====== DATASET RECORDS
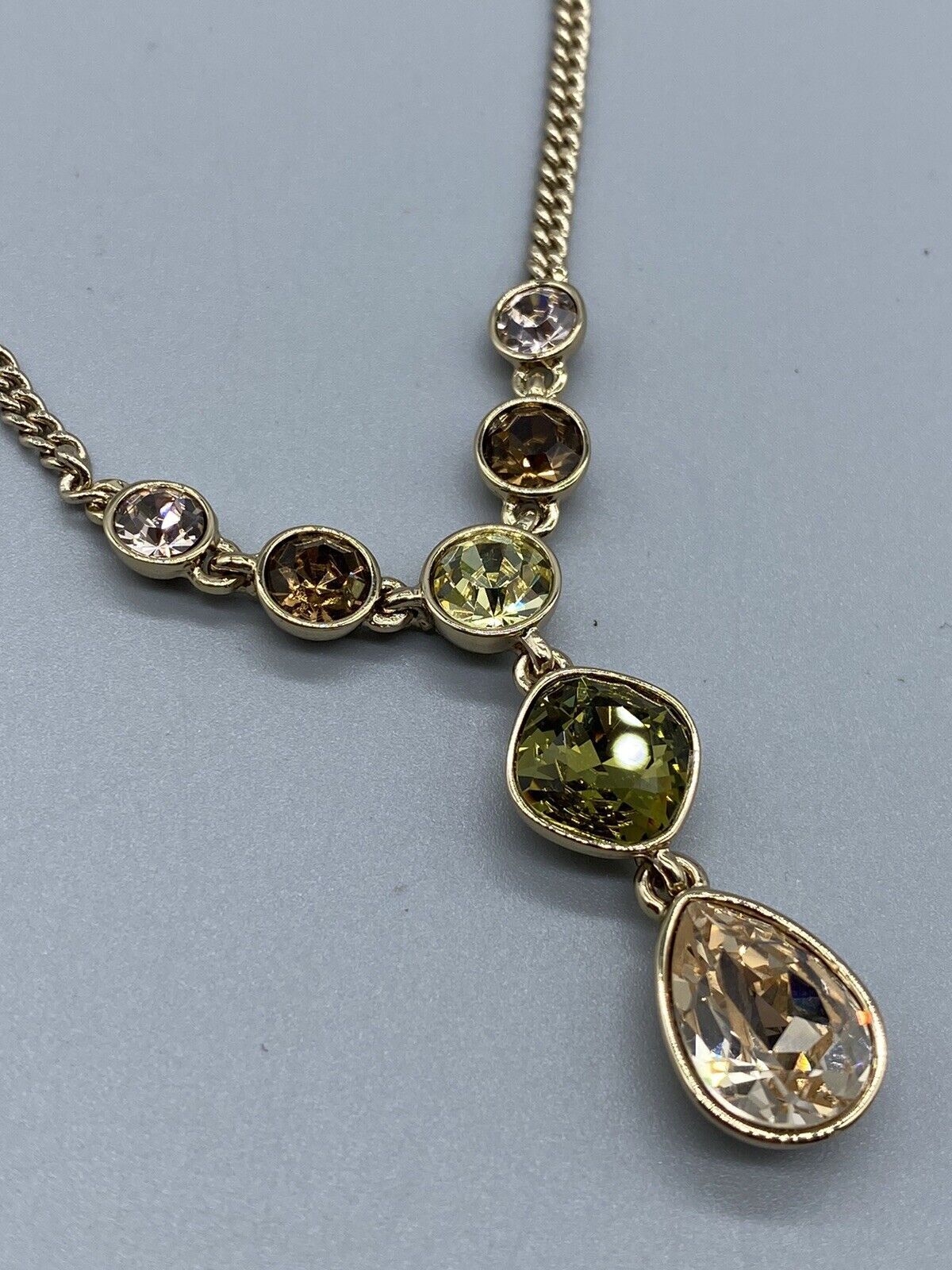 GIVENCHY Gold Tone Yellow Green Brown Multicolor Crystal Lariat Y-Drop Necklace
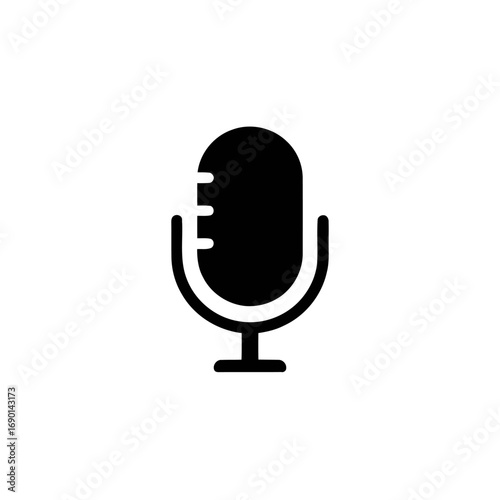 Simple black microphone icon, broadcasting, recording, audio, communication.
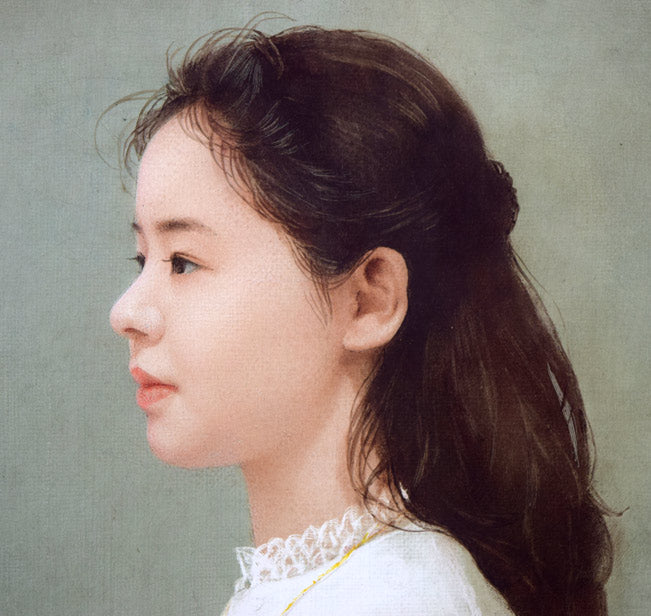 藤井勉「想う頃」油絵・F5号 絵画買取・販売の小竹美術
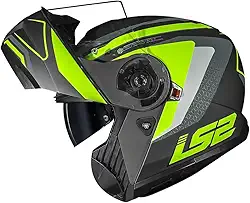 Capacete LS2 FF908 Strobe II Phantom Matte Titanium Graph Yellow Tamanho 62/XL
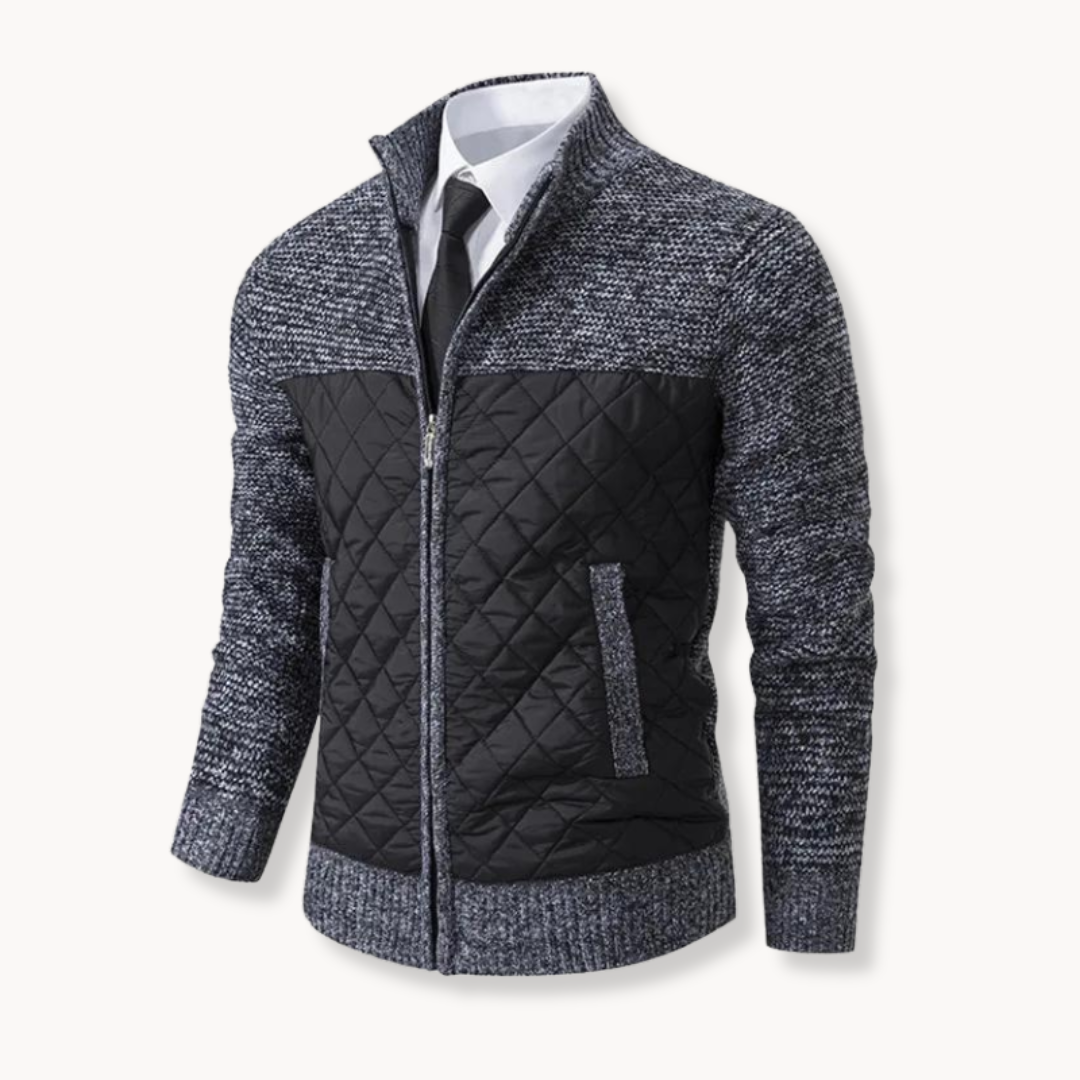 Men's Jacquard Knit Sweater with Zip-Up Turtleneck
============
TASK BRIEF:
Leaving out the pictures, print exactly and only the lines from the one containing "Simple black microphone" through the last line of the records.

OUTPUT FOR THIS TASK:
 Simple black microphone icon, broadcasting, recording, audio, communication.
 藤井勉「想う頃」油絵・F5号 絵画買取・販売の小竹美術
 Capacete LS2 FF908 Strobe II Phantom Matte Titanium Graph Yellow Tamanho 62/XL
 Men's Jacquard Knit Sweater with Zip-Up Turtleneck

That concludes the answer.